PROBLEM STATEMENT -
Could you return the data that follows exactly, minus the images?

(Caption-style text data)
┄┄┄┄┄┄
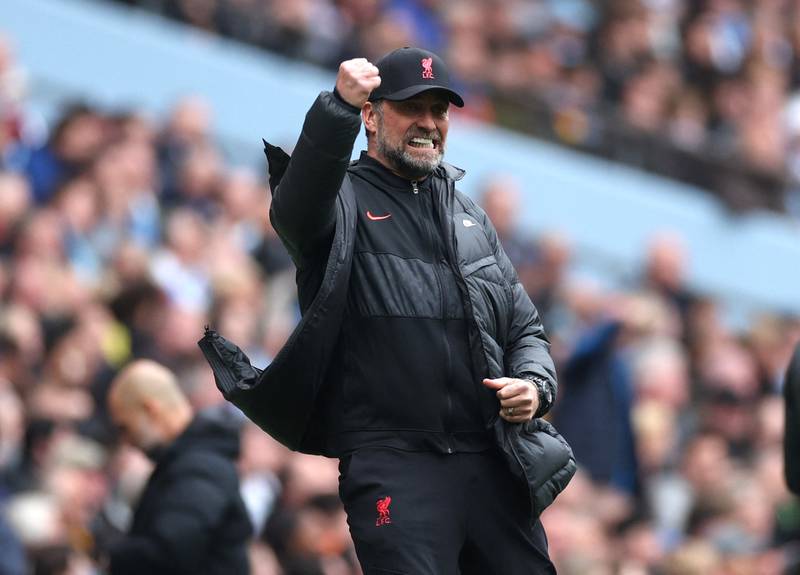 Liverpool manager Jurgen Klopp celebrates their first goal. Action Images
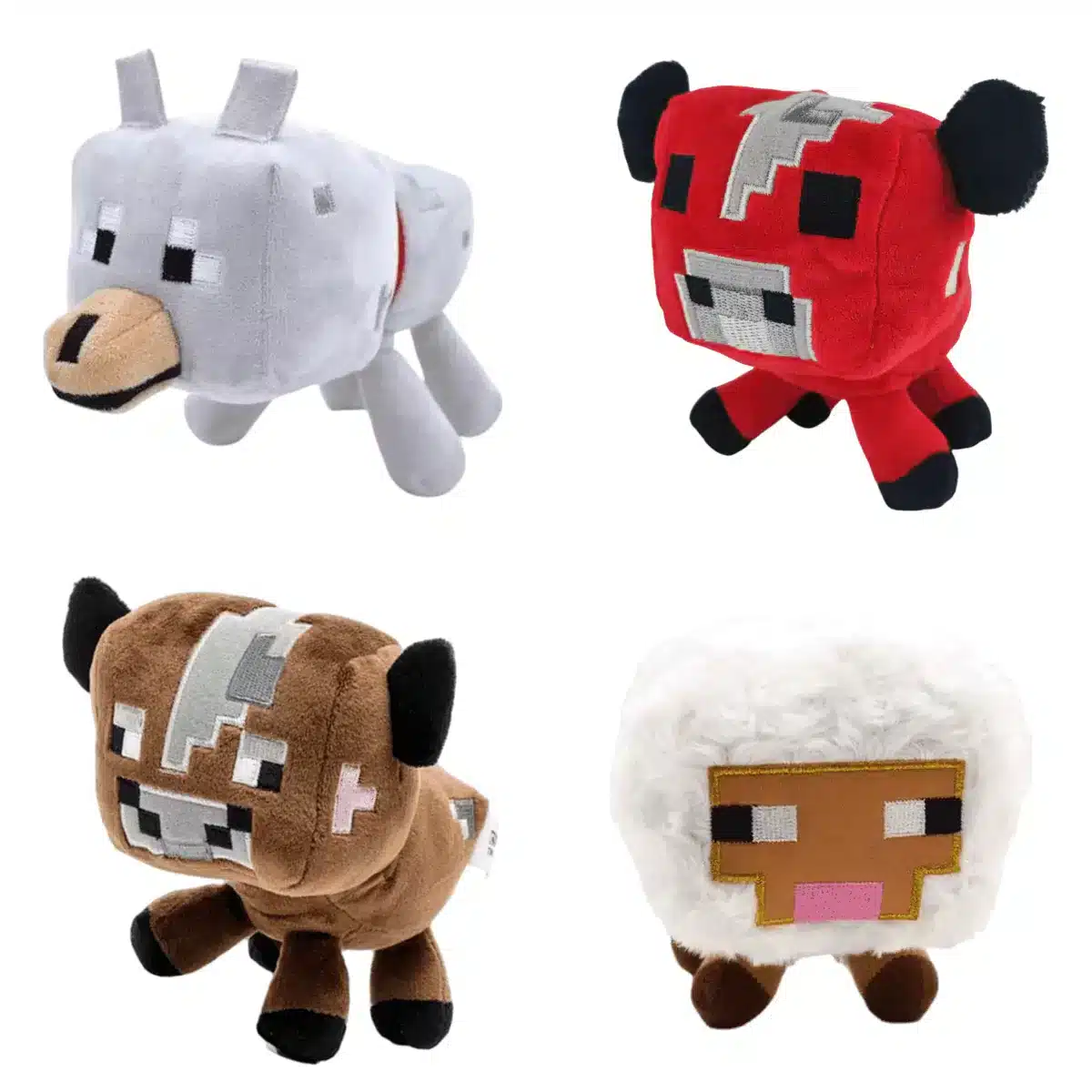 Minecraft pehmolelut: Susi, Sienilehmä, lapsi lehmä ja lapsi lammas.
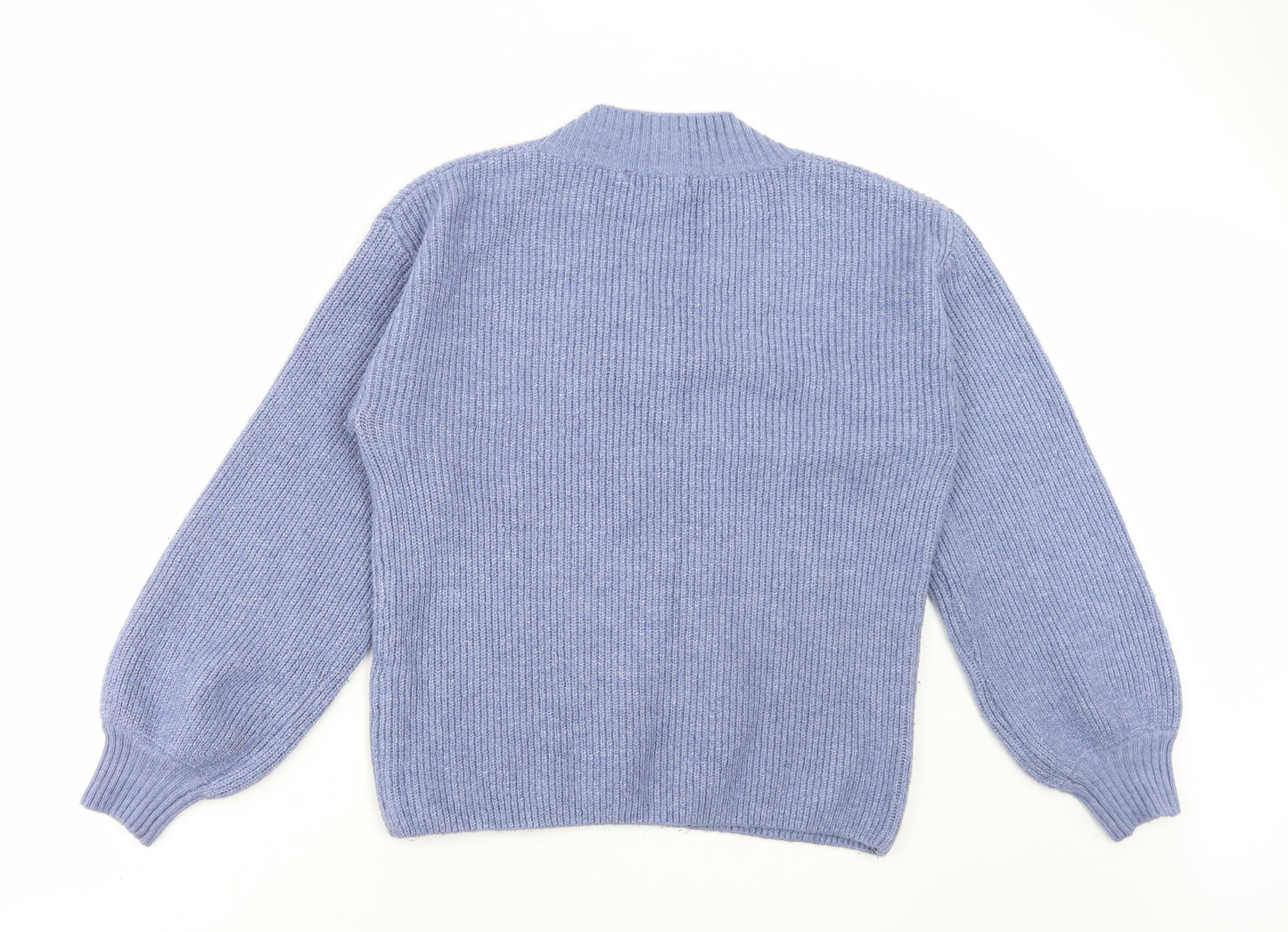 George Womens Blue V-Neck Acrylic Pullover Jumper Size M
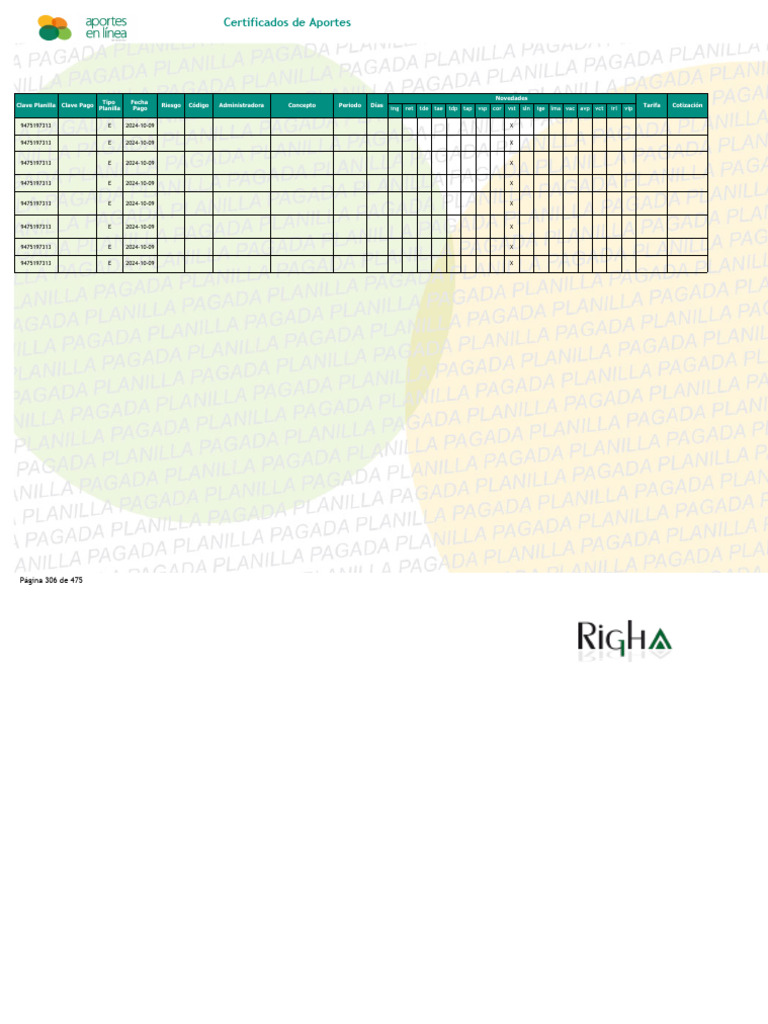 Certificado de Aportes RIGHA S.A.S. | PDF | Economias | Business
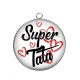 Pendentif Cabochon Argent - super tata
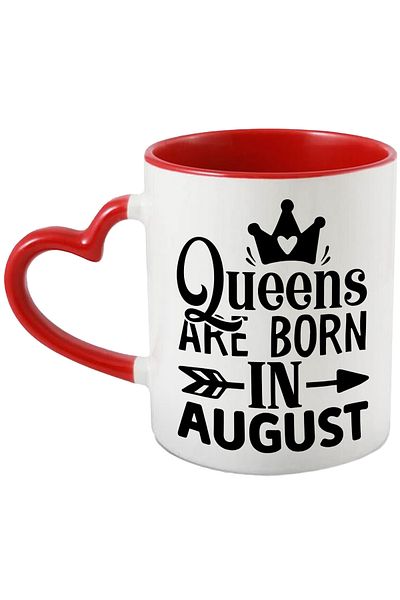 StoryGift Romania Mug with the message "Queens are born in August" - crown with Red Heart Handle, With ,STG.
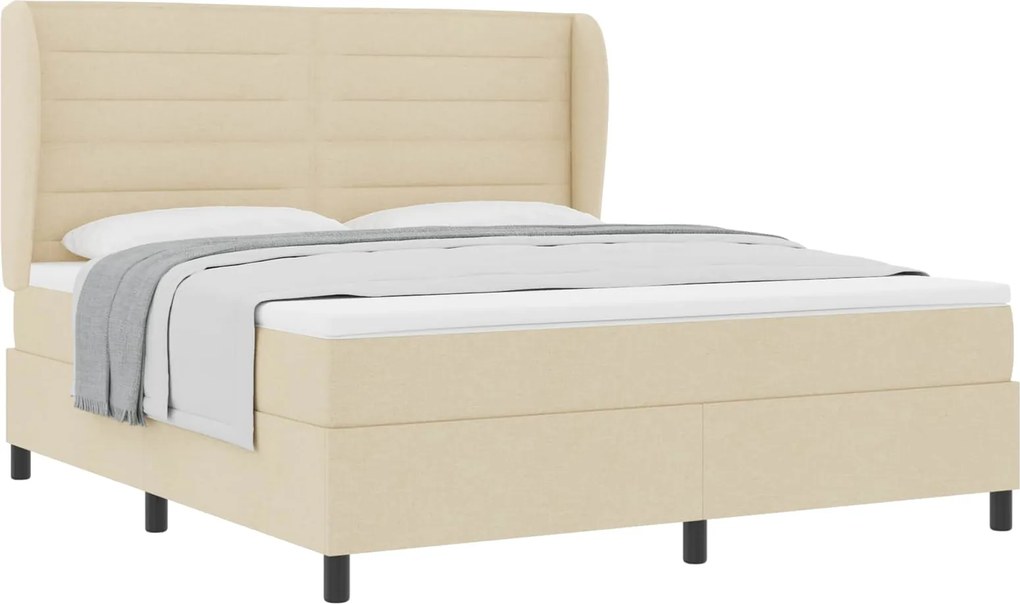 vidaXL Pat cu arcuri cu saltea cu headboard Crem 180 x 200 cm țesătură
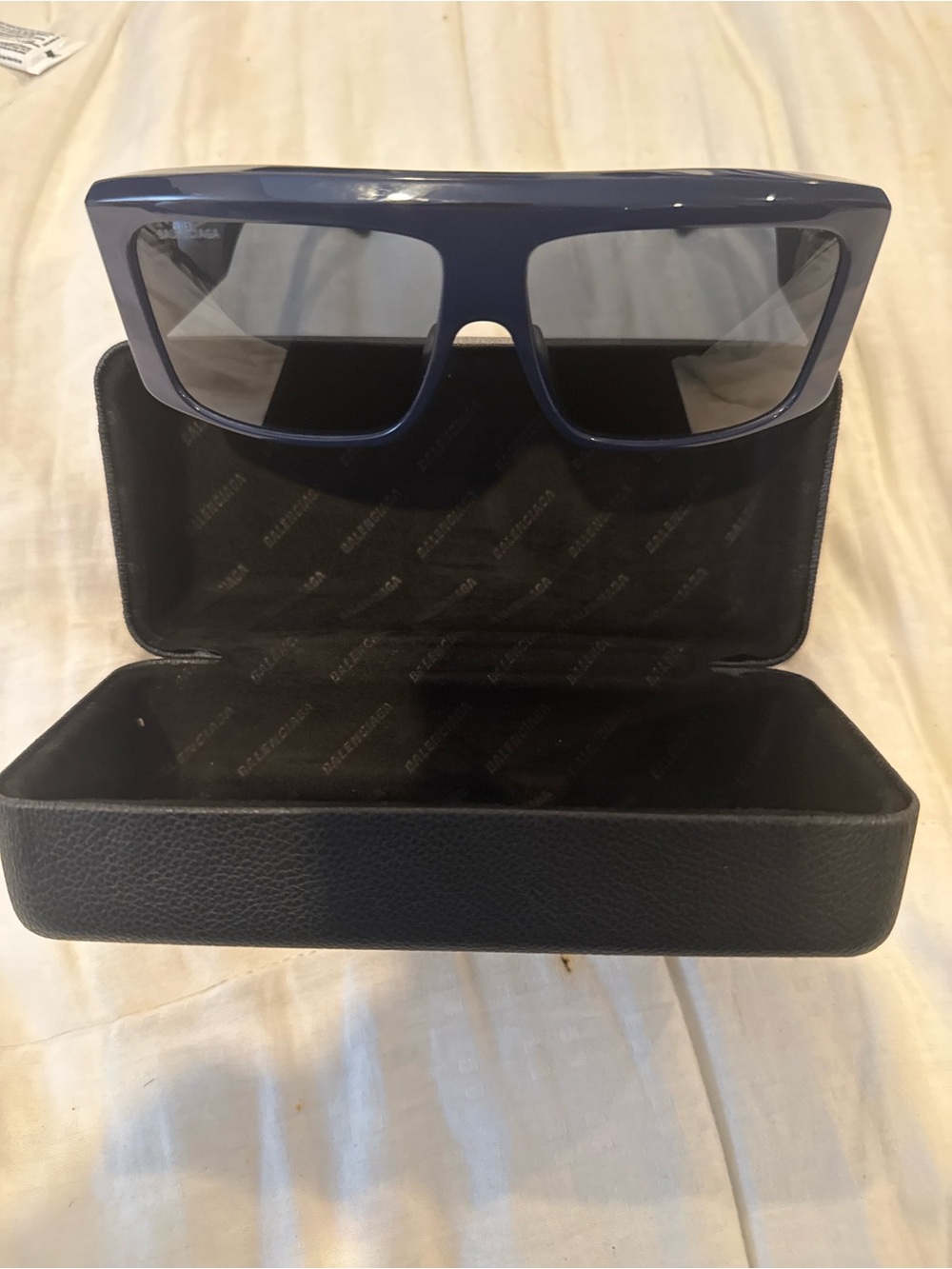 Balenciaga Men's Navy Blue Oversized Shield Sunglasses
┄┄┄┄┄┄
ANSWER BELOW -
 Liverpool manager Jurgen Klopp celebrates their first goal. Action Images
 Minecraft pehmolelut: Susi, Sienilehmä, lapsi lehmä ja lapsi lammas.
 George Womens Blue V-Neck Acrylic Pullover Jumper Size M
 Certificado de Aportes RIGHA S.A.S. | PDF | Economias | Business
 Pendentif Cabochon Argent - super tata
 StoryGift Romania Mug with the message "Queens are born in August" - crown with Red Heart Handle, With ,STG.
 vidaXL Pat cu arcuri cu saltea cu headboard Crem 180 x 200 cm țesătură
 Balenciaga Men's Navy Blue Oversized Shield Sunglasses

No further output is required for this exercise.